Objetos quânticos podem ser correlacionados de maneira tão intensa que a medição de um revela propriedades do outro, mesmo quando estão separados por grandes distâncias. Essa característica é conhecida como entrelaçamento quântico. Mas o entrelaçamento é apenas uma das formas possíveis de correlação no mundo quântico. Existem várias outras que também desafiam a lógica clássica.

Em sistemas clássicos, objetos também podem estar correlacionados, isto é, ter propriedades relacionadas, mas nunca com a intensidade que se observa no domínio quântico. Ainda assim, as correlações quânticas não são infinitas. Elas têm um limite, e esse limite nunca foi ultrapassado em nenhum experimento, explica a reportagem da New Scientist. A equipe da Unicamp buscou entender por que essas correlações não podem ser ainda mais fortes. Ou, como coloca Nogueira, “por que correlações mais fortes do que as quânticas nunca foram registradas em laboratório”.

A resposta que eles encontraram está no chamado princípio da exclusividade. Esse princípio parte da ideia de que, se uma coleção de propriedades se mostra duas a duas excludentes, então elas devem ser coletivamente excludentes.  Esse princípio, em conjunto com a matemática da teoria de grafos, permite concluir que experimentos independentes podem sim impor restrições uns aos outros.

Um grafo, de forma simples, é uma representação formada por pontos (vértices) e conexões entre esses pontos (arestas). No contexto do estudo, cada vértice representa os resultados de um conjunto de medições em um sistema físico, e as conexões mostram quais desses resultados de medições se excluem mutuamente. A partir de teoremas da teoria de grafos, a equipe conseguiu demonstrar matematicamente que o princípio da exclusividade pode, de fato, explicar por que as correlações quânticas se comportam da forma como se comportam.

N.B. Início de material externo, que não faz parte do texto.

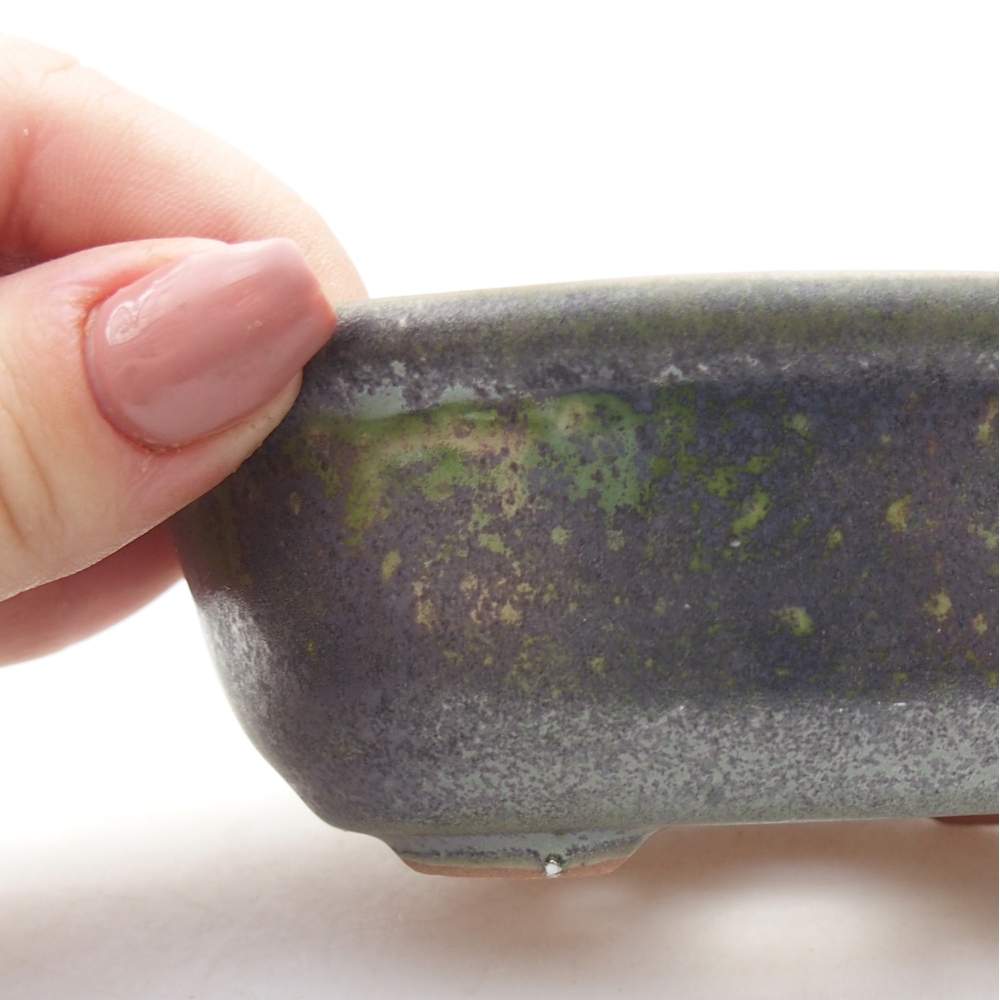 Keramická bonsai miska 11 x 8,5 x 4 cm, barva zelená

Andreas Winter, da Universidade Autônoma de Barcelona, afirma à New Scientist que o resultado se apoia em um trabalho anterior de Marcelo Terra Cunha, da brasileira Bárbara Amaral e do físico espanhol Adán Cabello, publicado em 2014. “Se as observações estatísticas previstas pela mecânica quântica são todas realizadas — e assumindo um axioma físico adicional, o princípio da exclusividade — então todas as observações estatísticas que ocorrem na natureza são explicadas pela mecânica quântica”, diz Winter à New Scientist. “Esse é realmente um resultado brutal. A mecânica quântica produz um conjunto muito específico e detalhado de assinaturas. Se você encontra uma forma de reproduzir isso, está tocando os ossos da teoria, está entendendo como a natureza opera para produzir aquilo”, diz Cabello.

Segundo a reportagem da New Scientist, há argumentos matemáticos adicionais indicando que o princípio da exclusividade pode ser uma característica de qualquer teoria realista de como são feitas as medições. Caso isso se confirme, a teoria quântica poderia ser vista não apenas como uma entre várias possibilidades de descrever o mundo, mas como uma consequência inevitável. Sendo assim, o próprio princípio da exclusividade se tornaria uma lei física. Terra Cunha demonstrou à reportagem da New Science grande otimismo na comprovação da teoria proposta pela equipe da Unicamp, avaliando que experimentos com luz quântica e outras técnicas recentes ajudarão a levar essa hipótese ao centro das discussões sobre os fundamentos da física.